Exercise description
Copy each entry below without any change.

Crawled caption data
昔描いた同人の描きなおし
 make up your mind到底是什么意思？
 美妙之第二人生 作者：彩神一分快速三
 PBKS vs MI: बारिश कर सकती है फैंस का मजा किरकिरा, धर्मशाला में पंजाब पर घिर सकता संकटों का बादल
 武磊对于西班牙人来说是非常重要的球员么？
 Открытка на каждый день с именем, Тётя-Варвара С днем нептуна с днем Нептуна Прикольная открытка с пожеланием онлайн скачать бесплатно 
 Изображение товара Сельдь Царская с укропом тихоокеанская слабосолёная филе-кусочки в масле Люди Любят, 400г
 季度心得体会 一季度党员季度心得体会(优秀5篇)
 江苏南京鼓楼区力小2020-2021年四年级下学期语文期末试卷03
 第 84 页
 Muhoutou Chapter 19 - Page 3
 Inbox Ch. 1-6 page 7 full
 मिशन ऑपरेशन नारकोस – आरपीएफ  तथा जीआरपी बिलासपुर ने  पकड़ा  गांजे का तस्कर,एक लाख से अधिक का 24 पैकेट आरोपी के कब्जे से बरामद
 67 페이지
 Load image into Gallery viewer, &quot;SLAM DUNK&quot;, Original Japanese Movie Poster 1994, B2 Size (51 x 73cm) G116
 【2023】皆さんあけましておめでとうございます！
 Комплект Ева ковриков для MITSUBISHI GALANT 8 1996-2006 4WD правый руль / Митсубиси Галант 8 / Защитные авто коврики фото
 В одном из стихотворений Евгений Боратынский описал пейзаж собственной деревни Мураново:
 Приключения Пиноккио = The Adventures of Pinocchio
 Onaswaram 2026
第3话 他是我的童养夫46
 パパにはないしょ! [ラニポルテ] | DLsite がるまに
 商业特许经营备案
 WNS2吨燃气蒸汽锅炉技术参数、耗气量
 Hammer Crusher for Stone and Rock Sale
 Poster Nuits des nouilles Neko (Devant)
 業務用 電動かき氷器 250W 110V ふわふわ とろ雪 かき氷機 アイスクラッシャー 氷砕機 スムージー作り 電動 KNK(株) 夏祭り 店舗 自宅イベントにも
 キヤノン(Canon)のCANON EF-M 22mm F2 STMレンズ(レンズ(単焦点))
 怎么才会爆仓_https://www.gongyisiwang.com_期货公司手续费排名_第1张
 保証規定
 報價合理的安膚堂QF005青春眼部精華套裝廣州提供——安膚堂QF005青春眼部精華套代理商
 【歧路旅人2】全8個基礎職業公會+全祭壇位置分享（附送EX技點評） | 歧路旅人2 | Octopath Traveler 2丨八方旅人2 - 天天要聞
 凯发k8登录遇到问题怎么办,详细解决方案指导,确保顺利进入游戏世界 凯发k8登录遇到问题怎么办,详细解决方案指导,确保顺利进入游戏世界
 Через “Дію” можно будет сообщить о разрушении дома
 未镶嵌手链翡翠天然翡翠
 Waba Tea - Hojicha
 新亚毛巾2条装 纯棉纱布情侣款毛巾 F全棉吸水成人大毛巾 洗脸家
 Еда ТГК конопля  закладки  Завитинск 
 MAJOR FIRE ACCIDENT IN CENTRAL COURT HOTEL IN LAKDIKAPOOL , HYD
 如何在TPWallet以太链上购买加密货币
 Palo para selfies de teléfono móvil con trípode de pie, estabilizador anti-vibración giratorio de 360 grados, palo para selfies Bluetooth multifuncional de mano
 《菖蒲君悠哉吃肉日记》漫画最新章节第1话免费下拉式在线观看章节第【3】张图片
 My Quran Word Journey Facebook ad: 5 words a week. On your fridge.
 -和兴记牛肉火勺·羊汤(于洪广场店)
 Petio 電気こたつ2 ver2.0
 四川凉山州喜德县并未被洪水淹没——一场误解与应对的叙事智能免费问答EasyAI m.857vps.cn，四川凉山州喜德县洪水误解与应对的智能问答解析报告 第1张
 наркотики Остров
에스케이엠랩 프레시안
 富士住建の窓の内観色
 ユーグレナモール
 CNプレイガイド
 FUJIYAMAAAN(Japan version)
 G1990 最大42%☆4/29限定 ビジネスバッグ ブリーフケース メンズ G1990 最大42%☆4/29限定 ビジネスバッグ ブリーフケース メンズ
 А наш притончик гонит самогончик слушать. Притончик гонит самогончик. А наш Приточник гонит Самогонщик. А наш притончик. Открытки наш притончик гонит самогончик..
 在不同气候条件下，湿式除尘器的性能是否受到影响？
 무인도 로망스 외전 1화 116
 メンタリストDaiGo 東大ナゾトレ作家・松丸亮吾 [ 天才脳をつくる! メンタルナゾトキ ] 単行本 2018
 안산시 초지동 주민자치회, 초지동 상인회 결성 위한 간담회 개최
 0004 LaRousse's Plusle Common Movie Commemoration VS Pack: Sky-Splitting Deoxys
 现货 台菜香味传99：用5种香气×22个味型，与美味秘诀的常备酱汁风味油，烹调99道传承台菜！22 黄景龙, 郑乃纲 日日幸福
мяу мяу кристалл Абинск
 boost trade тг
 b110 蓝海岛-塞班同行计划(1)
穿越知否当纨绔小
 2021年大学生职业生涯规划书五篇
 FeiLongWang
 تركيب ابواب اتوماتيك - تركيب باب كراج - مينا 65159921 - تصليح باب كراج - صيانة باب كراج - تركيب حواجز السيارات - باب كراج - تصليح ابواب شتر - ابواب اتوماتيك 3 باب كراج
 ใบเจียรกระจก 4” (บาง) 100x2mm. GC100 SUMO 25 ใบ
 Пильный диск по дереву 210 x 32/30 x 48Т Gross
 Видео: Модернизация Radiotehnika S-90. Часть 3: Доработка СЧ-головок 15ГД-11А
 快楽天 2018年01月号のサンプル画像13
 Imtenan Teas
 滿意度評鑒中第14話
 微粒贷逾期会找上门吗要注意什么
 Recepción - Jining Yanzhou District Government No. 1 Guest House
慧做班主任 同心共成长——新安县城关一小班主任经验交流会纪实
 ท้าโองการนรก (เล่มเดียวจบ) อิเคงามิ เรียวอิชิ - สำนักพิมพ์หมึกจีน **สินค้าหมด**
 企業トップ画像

Your solution
昔描いた同人の描きなおし
 make up your mind到底是什么意思？
 美妙之第二人生 作者：彩神一分快速三
 PBKS vs MI: बारिश कर सकती है फैंस का मजा किरकिरा, धर्मशाला में पंजाब पर घिर सकता संकटों का बादल
 武磊对于西班牙人来说是非常重要的球员么？
 Открытка на каждый день с именем, Тётя-Варвара С днем нептуна с днем Нептуна Прикольная открытка с пожеланием онлайн скачать бесплатно 
 Изображение товара Сельдь Царская с укропом тихоокеанская слабосолёная филе-кусочки в масле Люди Любят, 400г
 季度心得体会 一季度党员季度心得体会(优秀5篇)
 江苏南京鼓楼区力小2020-2021年四年级下学期语文期末试卷03
 第 84 页
 Muhoutou Chapter 19 - Page 3
 Inbox Ch. 1-6 page 7 full
 मिशन ऑपरेशन नारकोस – आरपीएफ  तथा जीआरपी बिलासपुर ने  पकड़ा  गांजे का तस्कर,एक लाख से अधिक का 24 पैकेट आरोपी के कब्जे से बरामद
 67 페이지
 Load image into Gallery viewer, &quot;SLAM DUNK&quot;, Original Japanese Movie Poster 1994, B2 Size (51 x 73cm) G116
 【2023】皆さんあけましておめでとうございます！
 Комплект Ева ковриков для MITSUBISHI GALANT 8 1996-2006 4WD правый руль / Митсубиси Галант 8 / Защитные авто коврики фото
 В одном из стихотворений Евгений Боратынский описал пейзаж собственной деревни Мураново:
 Приключения Пиноккио = The Adventures of Pinocchio
 Onaswaram 2026
第3话 他是我的童养夫46
 パパにはないしょ! [ラニポルテ] | DLsite がるまに
 商业特许经营备案
 WNS2吨燃气蒸汽锅炉技术参数、耗气量
 Hammer Crusher for Stone and Rock Sale
 Poster Nuits des nouilles Neko (Devant)
 業務用 電動かき氷器 250W 110V ふわふわ とろ雪 かき氷機 アイスクラッシャー 氷砕機 スムージー作り 電動 KNK(株) 夏祭り 店舗 自宅イベントにも
 キヤノン(Canon)のCANON EF-M 22mm F2 STMレンズ(レンズ(単焦点))
 怎么才会爆仓_https://www.gongyisiwang.com_期货公司手续费排名_第1张
 保証規定
 報價合理的安膚堂QF005青春眼部精華套裝廣州提供——安膚堂QF005青春眼部精華套代理商
 【歧路旅人2】全8個基礎職業公會+全祭壇位置分享（附送EX技點評） | 歧路旅人2 | Octopath Traveler 2丨八方旅人2 - 天天要聞
 凯发k8登录遇到问题怎么办,详细解决方案指导,确保顺利进入游戏世界 凯发k8登录遇到问题怎么办,详细解决方案指导,确保顺利进入游戏世界
 Через “Дію” можно будет сообщить о разрушении дома
 未镶嵌手链翡翠天然翡翠
 Waba Tea - Hojicha
 新亚毛巾2条装 纯棉纱布情侣款毛巾 F全棉吸水成人大毛巾 洗脸家
 Еда ТГК конопля  закладки  Завитинск 
 MAJOR FIRE ACCIDENT IN CENTRAL COURT HOTEL IN LAKDIKAPOOL , HYD
 如何在TPWallet以太链上购买加密货币
 Palo para selfies de teléfono móvil con trípode de pie, estabilizador anti-vibración giratorio de 360 grados, palo para selfies Bluetooth multifuncional de mano
 《菖蒲君悠哉吃肉日记》漫画最新章节第1话免费下拉式在线观看章节第【3】张图片
 My Quran Word Journey Facebook ad: 5 words a week. On your fridge.
 -和兴记牛肉火勺·羊汤(于洪广场店)
 Petio 電気こたつ2 ver2.0
 四川凉山州喜德县并未被洪水淹没——一场误解与应对的叙事智能免费问答EasyAI m.857vps.cn，四川凉山州喜德县洪水误解与应对的智能问答解析报告 第1张
 наркотики Остров
에스케이엠랩 프레시안
 富士住建の窓の内観色
 ユーグレナモール
 CNプレイガイド
 FUJIYAMAAAN(Japan version)
 G1990 最大42%☆4/29限定 ビジネスバッグ ブリーフケース メンズ G1990 最大42%☆4/29限定 ビジネスバッグ ブリーフケース メンズ
 А наш притончик гонит самогончик слушать. Притончик гонит самогончик. А наш Приточник гонит Самогонщик. А наш притончик. Открытки наш притончик гонит самогончик..
 在不同气候条件下，湿式除尘器的性能是否受到影响？
 무인도 로망스 외전 1화 116
 メンタリストDaiGo 東大ナゾトレ作家・松丸亮吾 [ 天才脳をつくる! メンタルナゾトキ ] 単行本 2018
 안산시 초지동 주민자치회, 초지동 상인회 결성 위한 간담회 개최
 0004 LaRousse's Plusle Common Movie Commemoration VS Pack: Sky-Splitting Deoxys
 现货 台菜香味传99：用5种香气×22个味型，与美味秘诀的常备酱汁风味油，烹调99道传承台菜！22 黄景龙, 郑乃纲 日日幸福
мяу мяу кристалл Абинск
 boost trade тг
 b110 蓝海岛-塞班同行计划(1)
穿越知否当纨绔小
 2021年大学生职业生涯规划书五篇
 FeiLongWang
 تركيب ابواب اتوماتيك - تركيب باب كراج - مينا 65159921 - تصليح باب كراج - صيانة باب كراج - تركيب حواجز السيارات - باب كراج - تصليح ابواب شتر - ابواب اتوماتيك 3 باب كراج
 ใบเจียรกระจก 4” (บาง) 100x2mm. GC100 SUMO 25 ใบ
 Пильный диск по дереву 210 x 32/30 x 48Т Gross
 Видео: Модернизация Radiotehnika S-90. Часть 3: Доработка СЧ-головок 15ГД-11А
 快楽天 2018年01月号のサンプル画像13
 Imtenan Teas
 滿意度評鑒中第14話
 微粒贷逾期会找上门吗要注意什么
 Recepción - Jining Yanzhou District Government No. 1 Guest House
慧做班主任 同心共成长——新安县城关一小班主任经验交流会纪实
 ท้าโองการนรก (เล่มเดียวจบ) อิเคงามิ เรียวอิชิ - สำนักพิมพ์หมึกจีน **สินค้าหมด**
 企業トップ画像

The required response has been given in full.